In the north-west corner of Russell Square, on an extension to the School of Oriental and African Studies, a neatly lettered stone plaque attached to a nicely detailed brown brick wall reads:
THE UNIVERSITY OF LONDON HEREBY RECORDS ITS SINCERE APOLOGIES THAT THE PLANS OF THIS BUILDING WERE SETTLED WITHOUT DUE CONSULTATION WITH THE RUSSELL FAMILY AND THEIR TRUSTEES AND THEREFORE WITHOUT THEIR APPROVAL OF ITS DESIGN
Directly below it a metal triangle records the Civic Trust award the building won in 1998. The trust is proud of the fact that its awards 'do not simply reward good design, but also take into account the way in which schemes relate to their settings and to the people that they serve'. So who is served by Russell Square?

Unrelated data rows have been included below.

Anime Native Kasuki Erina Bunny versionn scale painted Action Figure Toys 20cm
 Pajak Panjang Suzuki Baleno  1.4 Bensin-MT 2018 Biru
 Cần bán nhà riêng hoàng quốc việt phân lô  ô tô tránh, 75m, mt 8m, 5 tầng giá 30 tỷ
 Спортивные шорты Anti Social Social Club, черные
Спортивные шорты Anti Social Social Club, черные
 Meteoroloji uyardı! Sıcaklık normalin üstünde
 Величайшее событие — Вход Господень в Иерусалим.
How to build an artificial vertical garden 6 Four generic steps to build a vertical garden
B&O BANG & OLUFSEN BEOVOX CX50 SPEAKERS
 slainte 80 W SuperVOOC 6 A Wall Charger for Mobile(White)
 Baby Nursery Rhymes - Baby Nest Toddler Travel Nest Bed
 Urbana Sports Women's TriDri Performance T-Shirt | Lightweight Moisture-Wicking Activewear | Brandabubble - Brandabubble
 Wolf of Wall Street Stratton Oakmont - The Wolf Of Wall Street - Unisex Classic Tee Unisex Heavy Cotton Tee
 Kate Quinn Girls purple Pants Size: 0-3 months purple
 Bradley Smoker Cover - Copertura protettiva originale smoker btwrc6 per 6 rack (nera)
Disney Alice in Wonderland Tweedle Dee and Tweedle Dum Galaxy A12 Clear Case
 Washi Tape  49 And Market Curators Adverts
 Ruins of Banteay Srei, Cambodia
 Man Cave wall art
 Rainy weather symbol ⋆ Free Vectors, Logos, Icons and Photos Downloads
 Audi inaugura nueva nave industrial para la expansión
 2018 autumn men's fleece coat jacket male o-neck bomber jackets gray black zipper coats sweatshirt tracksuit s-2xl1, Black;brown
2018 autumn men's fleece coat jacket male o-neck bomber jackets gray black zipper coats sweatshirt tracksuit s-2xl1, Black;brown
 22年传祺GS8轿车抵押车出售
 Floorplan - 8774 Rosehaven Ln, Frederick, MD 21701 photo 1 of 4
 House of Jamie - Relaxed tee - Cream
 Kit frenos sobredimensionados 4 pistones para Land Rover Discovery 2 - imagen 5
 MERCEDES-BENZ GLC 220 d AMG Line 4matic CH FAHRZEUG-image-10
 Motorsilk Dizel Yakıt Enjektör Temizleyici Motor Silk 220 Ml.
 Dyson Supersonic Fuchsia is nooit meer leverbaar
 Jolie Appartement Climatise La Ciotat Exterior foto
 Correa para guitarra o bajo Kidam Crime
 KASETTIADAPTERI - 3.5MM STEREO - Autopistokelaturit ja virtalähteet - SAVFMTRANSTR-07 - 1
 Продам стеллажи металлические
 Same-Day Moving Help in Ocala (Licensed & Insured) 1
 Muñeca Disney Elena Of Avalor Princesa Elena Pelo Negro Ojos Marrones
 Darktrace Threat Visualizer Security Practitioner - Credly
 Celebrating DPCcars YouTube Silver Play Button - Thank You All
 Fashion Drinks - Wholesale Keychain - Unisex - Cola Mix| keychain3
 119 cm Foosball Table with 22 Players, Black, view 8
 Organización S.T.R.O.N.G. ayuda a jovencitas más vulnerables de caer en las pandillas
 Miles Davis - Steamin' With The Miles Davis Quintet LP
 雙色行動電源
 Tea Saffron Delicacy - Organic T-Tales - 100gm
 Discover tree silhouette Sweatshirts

The trustees are inheritors of a leasehold system which served generations of great landlords well, made them rich, and was largely responsible for the seemly uniformity of Bloomsbury's 18th and 19th-century houses. Many Bloomsbury acres which belonged to the Russell family have been alienated. The family were unable, the Bedford Estates website tells us, to 'withstand pressure to sell land for the Museum, the University or the British Library sites since compulsory powers were available for the purposes of educational use'. But responsibility for the look of the place has not been abandoned.